A presidente de associação pelos direitos homossexuais afirmou que decisão representa "o reconhecimento ao direito primário dos nossos filhos"

Um tribunal italiano de apelações reconheceu o direito de adoção de uma mulher sobre a filha biológica de sua companheira, informou nesta quarta-feira um grupo de defesa dos direitos civis, qualificando o fato de histórico.

Esta decisão representa “o reconhecimento ao direito primário dos nossos filhos ao reconhecimento legal de duas mães ou de dois pais que os criaram”, disse Marinella Grassadonia, presidente da associação Famiglie arcobaleno (Família do arco-íris), que luta pelos direitos dos homossexuais na Itália.

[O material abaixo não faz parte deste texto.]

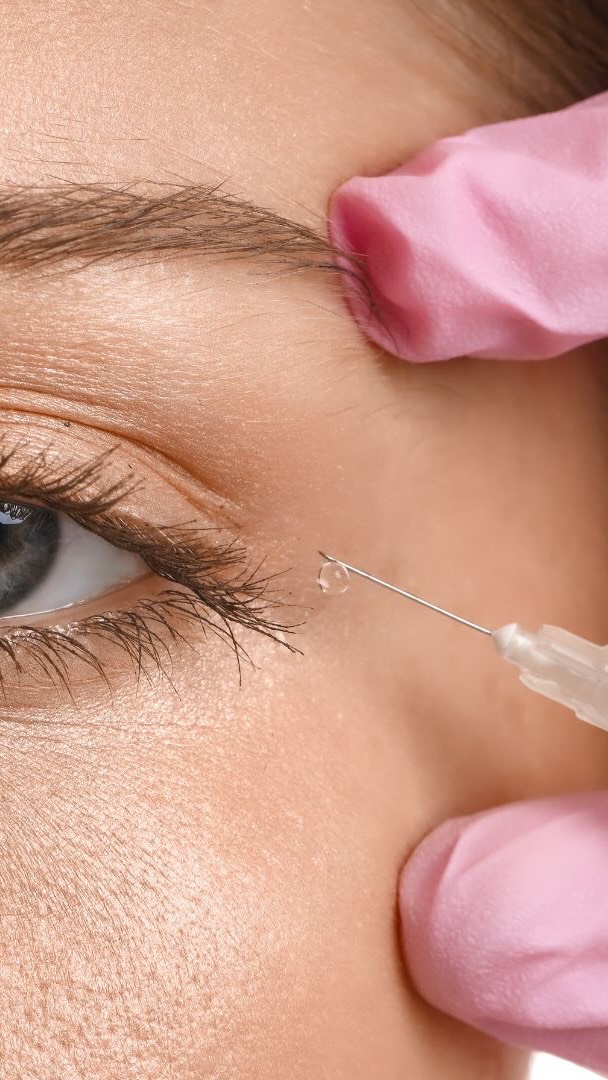 Tear trough filler is designed to soften hollowing and shadowing beneath the eyes for a more rested, refreshed appearance. Because the under eye area is delicate, precision and a strong understanding of anatomy are essential during treatment. That’s why we incorporate ultrasound guidance into our approach for added precision and thoughtful treatment planning.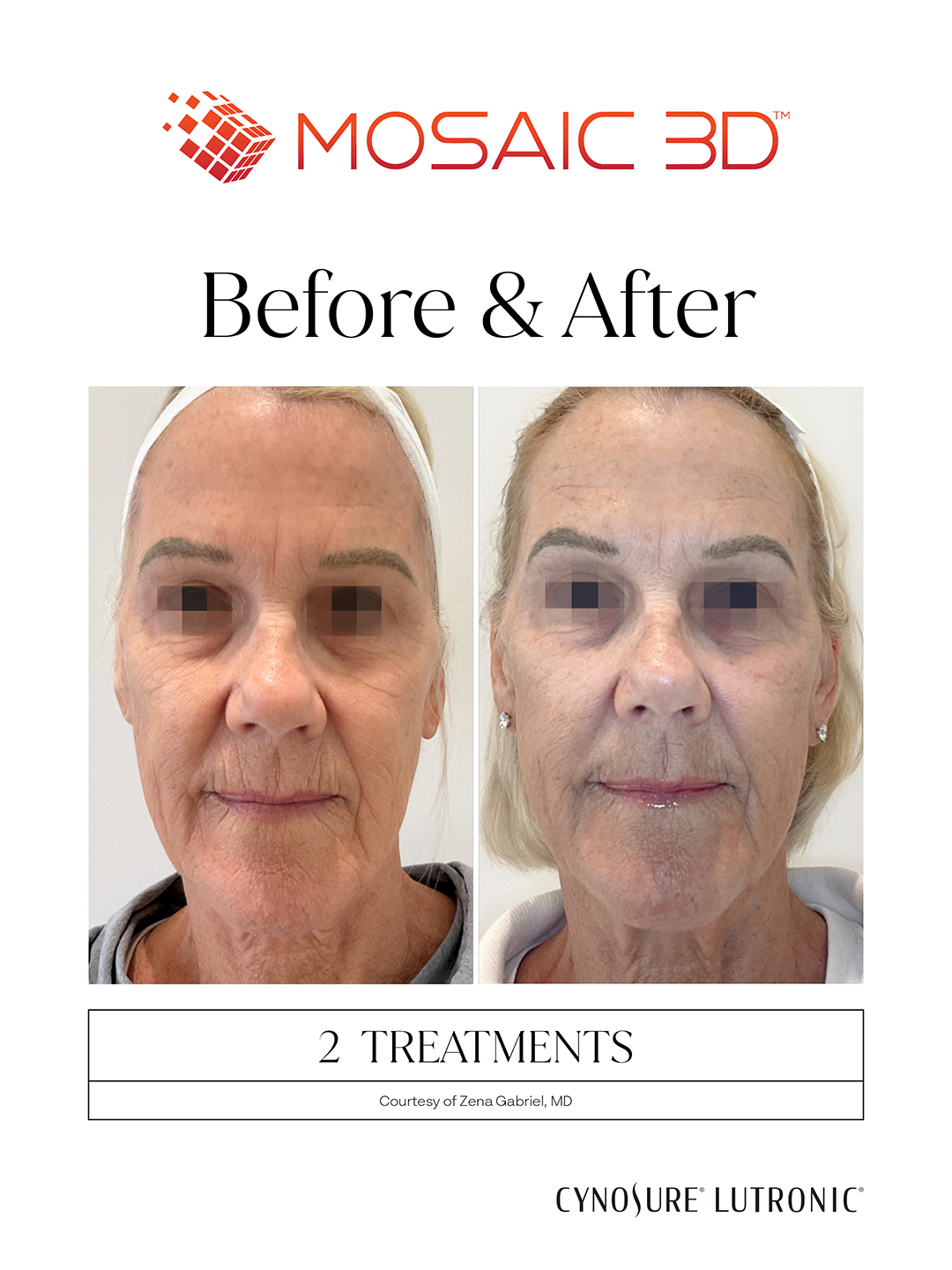 Mosaic 3D Treatment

As mulheres em questão se casaram fora da Itália e vivem em Roma desde 2003. Uma delas concebeu a criança por meio de inseminação artificial, também no exterior, e em 2014 um tribunal de menores reconheceu o direito de adoção do casal, mas a promotoria recorreu.

No tribunal de apelações, os juízes decretaram que “no interesse maior da criança seja mantida a coabitação e o laço afetivo já consolidado pelo tempo”, revelou o advogado da família.

Desde a decisão do tribunal de menores em 2014, várias cortes italianas autorizaram adoções por parte de famílias homossexuais ou reconheceram vínculos legais adquiridos em outros países.

Em janeiro, um tribunal de Turim reconheceu os direitos parentais de uma mulher que havia se casado na Espanha e depois se divorciado da mãe biológica da criança.